# Foot/ankle pain in western stirrups



## MeditativeRider (Feb 5, 2019)

Do you have your stirrups long enough? And are you even in the saddle (not leaning a little to one side and pushing into one foot more)?

I have never had a sore ankle in Western but have in English on a 5 h trail ride (the ankle started hurting at about 3 h, followed by the knee) and it was because my stirrups were too short.

When I rode on a trail ride recently (2 h) in a Western saddle, I found the stirrup length the lady set them to was a bit longer than I would usually ride in English in a general purpose saddle but not quite as long as in a dressage saddle. One of knees started hurting after about 30 min and she checked my stirrups and found I was slightly off to one side (right) and pushing into that foot more and that is what was hurting my knee. Once I recentered (and shifted the saddle back to center) it was fine for the rest of the ride.
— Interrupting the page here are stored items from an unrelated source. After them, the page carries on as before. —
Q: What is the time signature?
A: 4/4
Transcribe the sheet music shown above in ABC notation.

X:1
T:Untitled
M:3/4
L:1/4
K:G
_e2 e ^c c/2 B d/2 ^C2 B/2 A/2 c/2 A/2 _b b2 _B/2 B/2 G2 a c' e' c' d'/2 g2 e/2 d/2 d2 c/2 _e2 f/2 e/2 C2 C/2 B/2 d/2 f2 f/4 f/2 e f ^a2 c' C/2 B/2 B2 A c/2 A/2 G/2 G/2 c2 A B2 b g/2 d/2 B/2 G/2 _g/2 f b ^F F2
Also, take your feet out every so often when riding at a walk and roll and point/flex your feet.

In terms of determining if anything is up with your ankles, you could try go through these videos:


----------



## Knave (Dec 16, 2015)

If the stirrups aren’t rolled I can’t stand riding the saddle. It’s the first thing I get fixed.


----------



## Part-Boarder (Aug 17, 2019)

Thanks @Knave. Possible I could be putting more weight in that side. The saddles are well broken in and the stirrups do hang perpendicular ie turned so I don’t think that’s an issue though possibly stiffer on the left? 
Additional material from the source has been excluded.